La deposizione in mare della corona nell'esatto luogo della tragedia del 9 novembre 1971 (Esercito Italiano)
Quarantasei giovani parà della «Folgore» inghiottiti dalle acque del mar Tirreno. E con loro sei aviatori della Royal Air Force, altrettanto giovani. La sciagura aerea del 9 novembre 1971 fece così impressione che il Corriere della Sera uscì il giorno successivo con un corsivo di Dino Buzzati. Il grande giornalista e scrittore vergò alcune frasi di estrema efficacia, sconvolto da quello che fino ad oggi risulta essere il più grave incidente aereo per le Forze Armate italiane. Alle sue parole incisive e commosse lasciamo l’introduzione alla storia di una catastrofe di oltre mezzo secolo fa.
(…) Forse perché la Patria è passata di moda, anzi dà quasi fastidio a sentirla nominare e si scrive con la iniziale minuscola? E così dà fastidio la difesa della medesima Patria e tutto ciò che vi appartiene, compresi i ragazzi che indossano l’uniforme militare? (…). Buzzati lamentava la scarsa commozione degli Italiani nei confronti della morte di giovani paracadutisti, paragonandola all’eco che ebbe una tragedia del 1947 avvenuta ad Albenga in cui 43 bambini di una colonia erano morti annegati.
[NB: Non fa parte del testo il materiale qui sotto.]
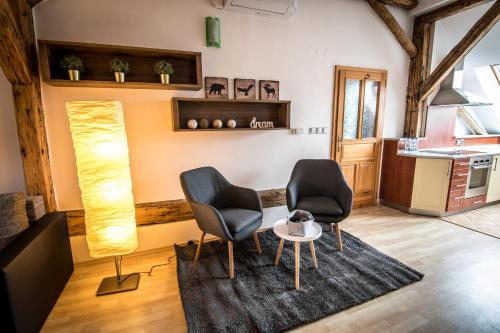 Tylova Apartments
Forti le sue parole a chiusura del pezzo: (…) Ora se ne vanno, con i sei compagni stranieri. Guardateli, se ci riuscite. Personalmente mi fanno ancora più pietà dei leggendari piccoli di Albenga. Non si disperano, non singhiozzano, non maledicono. Spalla a spalla si allontanano. Diritti, pallidi sì ma senza un tremito, a testa alta, con quel passo lieve e fermissimo che nei tempi antichi si diceva appartenesse agli eroi e che oggi sembra completamente dimenticato (…)
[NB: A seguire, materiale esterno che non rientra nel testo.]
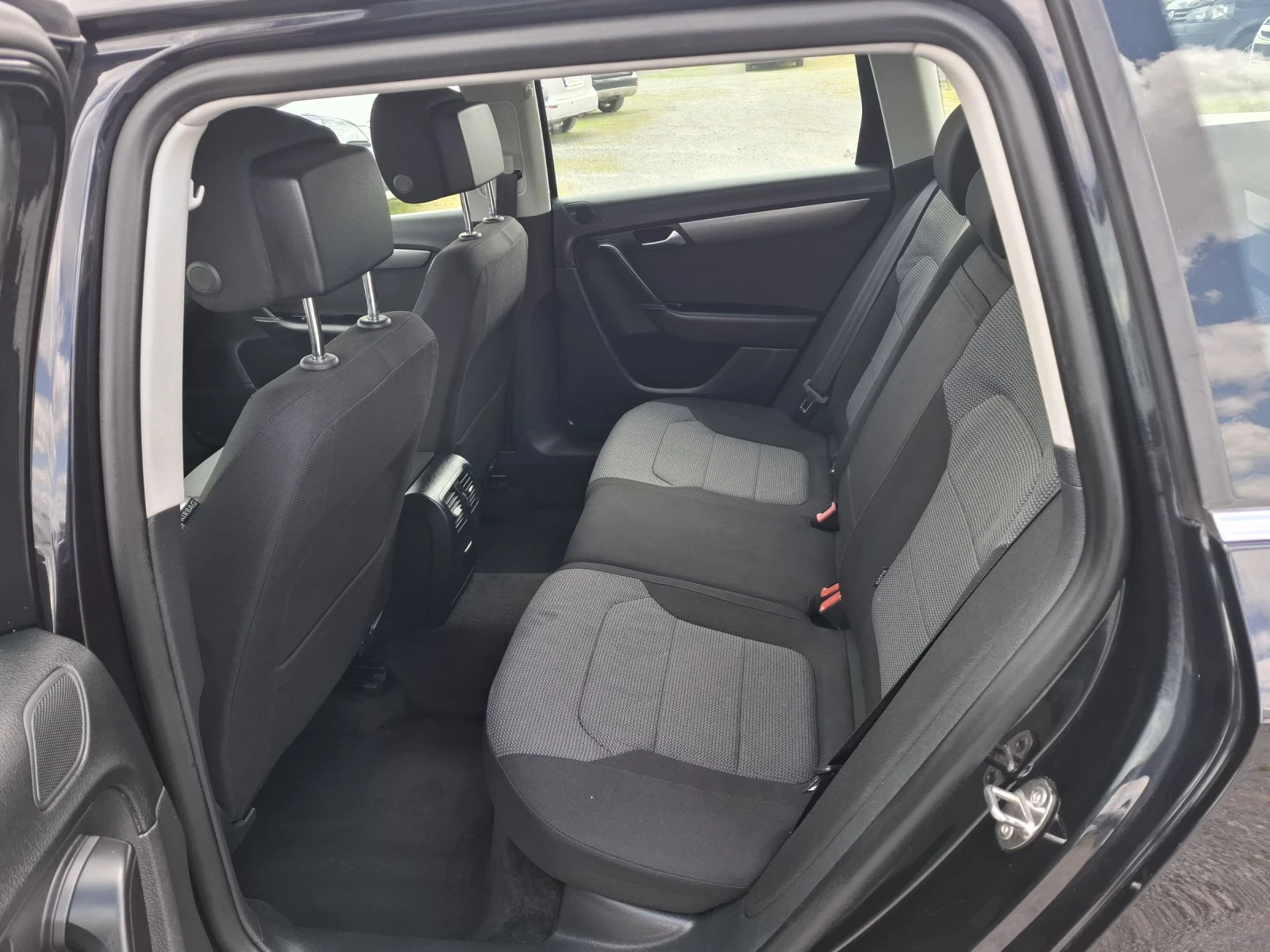 VW Passat 2, 0 TDI-140 ps-Navi, снимка 12 - Автомобили и джипове - 54147411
Non li hanno dimenticati, a oltre mezzo secolo di distanza, gli uomini della Folgore di oggi, che hanno commemorato i caduti di quella che è nota come la «tragedia della Meloria» con una cerimonia che ha coinvolto, oltre alle autorità, anche i parenti delle vittime.
La commemorazione si è conclusa con la deposizione di una corona in mare, nel punto esatto del tragico impatto, effettuata a bordo di un battello in segno di eterno ricordo e di continuità tra passato e presente.
Nelle prime ore del 9 novembre 1971, i parà del 187° Reggimento Folgore si imbarcarono sui Lockheed C-130 della Raf per partecipare ad una missione di addestramento Nato, dove avrebbero dovuto effettuare un «lancio tattico» sulla Sardegna. La tragedia si consumò poco dopo il decollo dall’aeroporto militare di Pisa-San Giusto, da dove in sequenza si stavano alzando 10 velivoli denominati convenzionalmente «Gesso». Fu uno di essi, «Gesso 5» a lanciare l’allarme dopo avere visto una fiammata sulla superficie del mare. L’aereo che lo precedeva, «Gesso 4» non rispose alla chiamata radio poiché istanti prima aveva impattato sulle acque a poca distanza dalle Secche della Meloria, circa 6 km a Nordovest di Livorno. Le operazioni di recupero dei corpi furono difficili e lunghissime, durante le quali vi fu un’altra vittima, un esperto sabotatore subacqueo del «Col Moschin», deceduto durante le operazioni. Le cause della sciagura non furono mai esattamente definite, anche se le indagini furono molto approfondite e una nave pontone di recupero rimase sul posto fino al febbraio del 1972. Si ipotizzò che l’aereo avesse colpito con la coda la superficie del mare per un errore di quota che, per le caratteristiche dell’esercitazione, doveva rimanere inizialmente molto bassa.